Biden Vows to Veto Joint Resolution on Solar Energy Waivers

( – US President Joe Biden pledged on Monday to veto a bipartisan resolution that would revoke waivers the US Commerce Department granted for solar energy products arriving in the United States from China via four Southeast Asian nations. The commander-in-chief issued his threat to lawmakers after the Ways and Means Committee voted to approve the bipartisan resolution last week.

In a statement, the White House’s Office of Management and Budget said that the bill threatens to undercut the US solar industry and create a “deep uncertainty” for investments and jobs in the solar installation market and supply chain. The budget office also said that President Biden doesn’t plan to extend the waivers on solar imports after June 2024, which is the date when these are scheduled to end. The statement also points out that some parts of this bipartisan resolution will damage these efforts and that the Commerce rule gives a short-term option to guarantee there is a thriving solar installation industry in America that is ready to buy the solar materials that will be created in US factories when these are fully-operational.
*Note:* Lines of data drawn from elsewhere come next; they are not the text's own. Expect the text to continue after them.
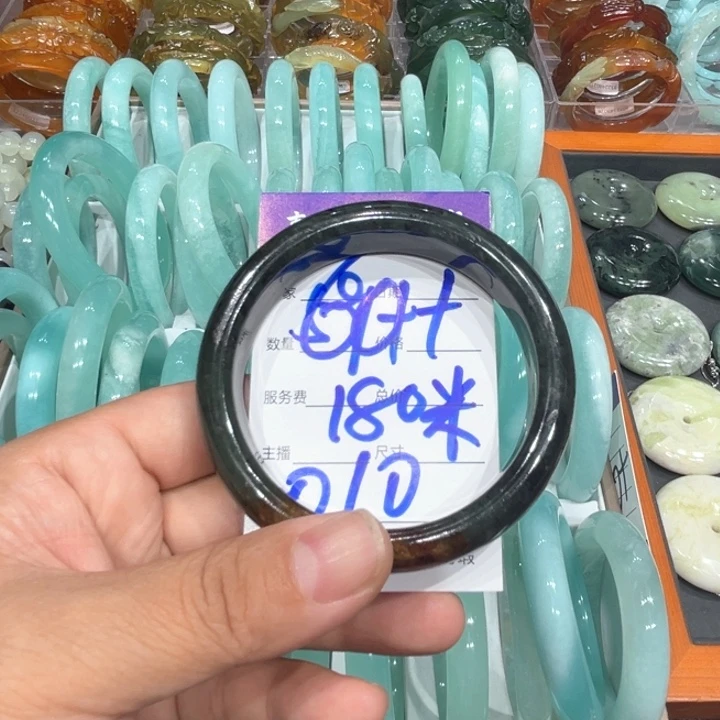 ****云岫岩河磨玉（透闪石质玉）未镶嵌手镯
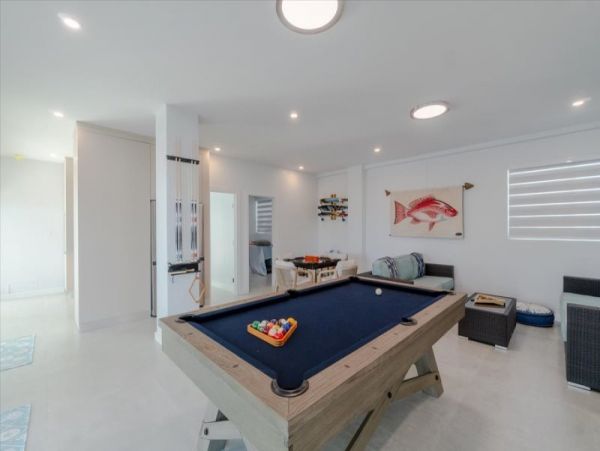 Luxury Vacation Home in Marathon Great Amenities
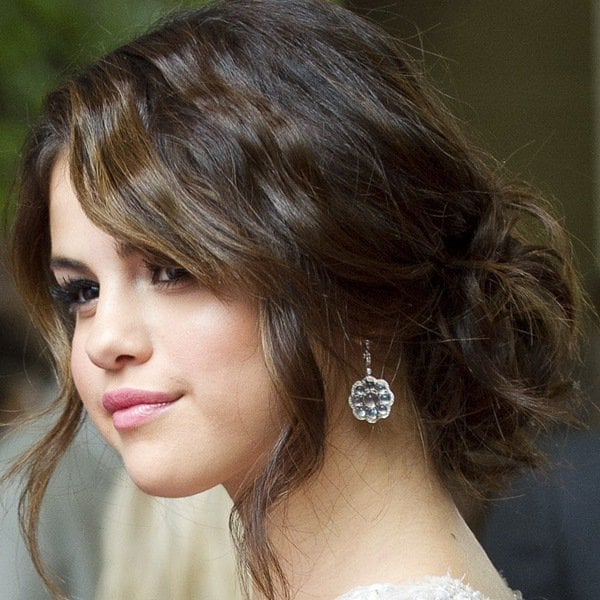 Selena Gomez showed off her stunning earrings and hair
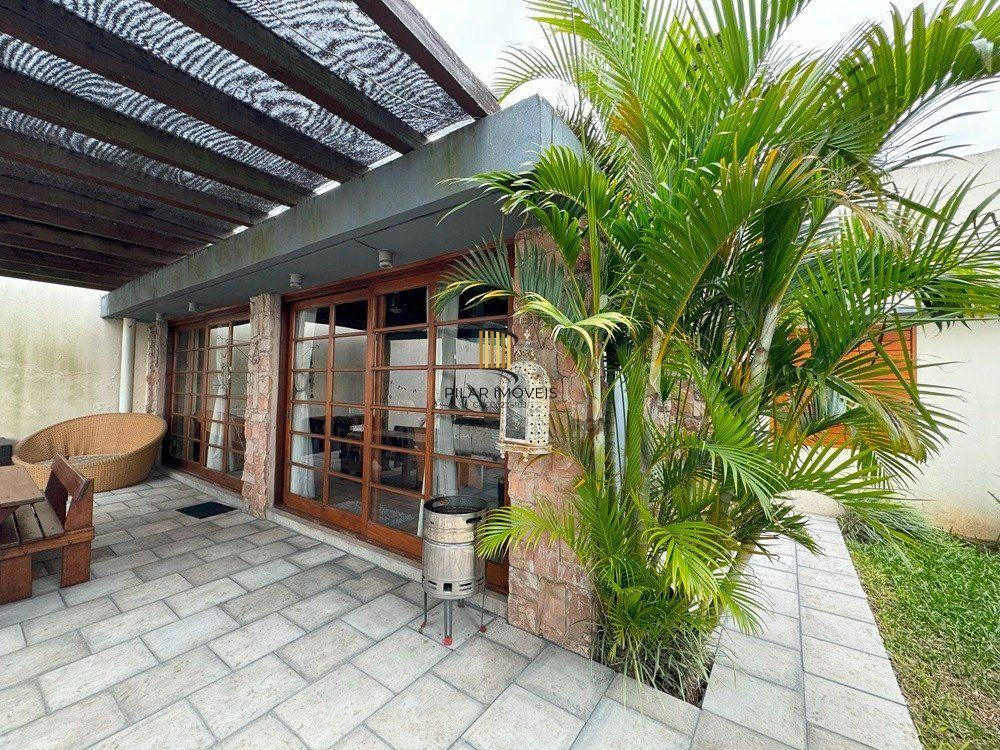 Casa com 3 dormitórios (1 sendo suíte) por R$ 4.000.000,00 na Rua Antônio Fernandes da Cunha nº 245 - Centro- Santana do Livramento-RS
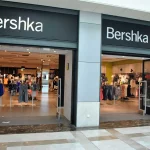 Revive los 90 con los pantalones cargo de moda de Bershka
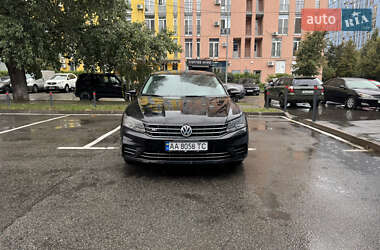Седан Volkswagen Passat 2016 в Киеве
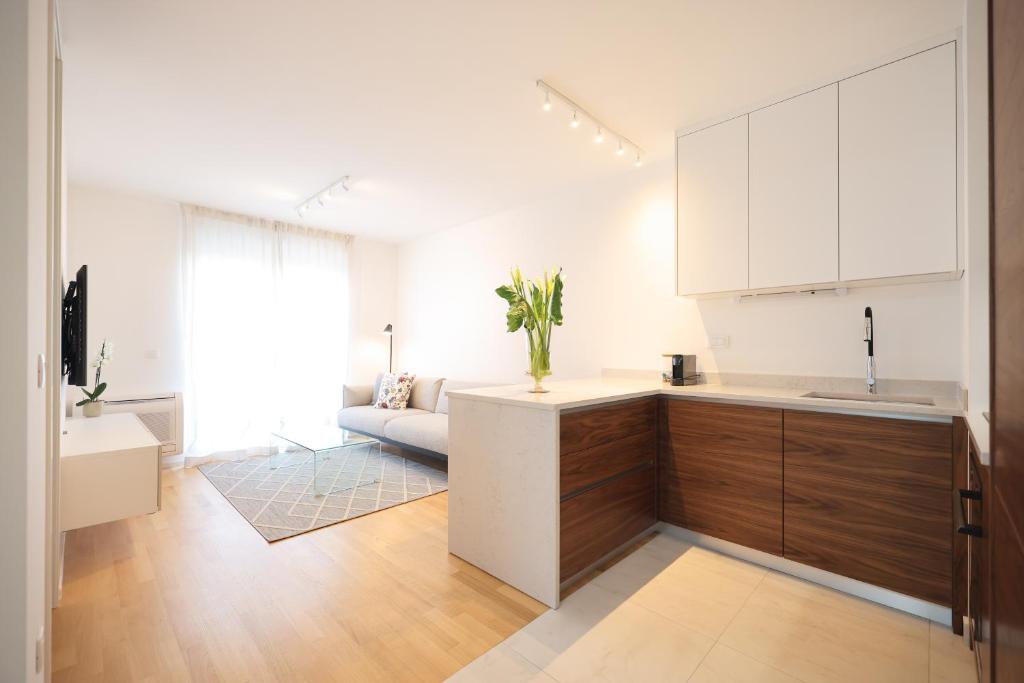 The City Block Apartment — photo 1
The bipartisan resolution highlights the division among Democratic lawmakers who want to keep the solar industry’s access to low-cost components used in its operations, such as wafers and photovoltaic cells, and those who want the White House to take a more aggressive stance against China on trade.

According to preliminary findings of a Commerce investigation published in December, Chinese solar enterprises skirted American import duties. Apparently, they did this by passing their products through four other Asian countries before arriving in the United States. These nations were Cambodia, Thailand, Vietnam, and Malaysia.

The bipartisan resolution was created under the Congressional Review, which is a 1996 law that allows lawmakers to overturn decisions made by federal agencies with a simple majority vote in the House and Senate. The measure’s chances of passing both chambers, let alone achieving veto-proof majorities, remain unclear.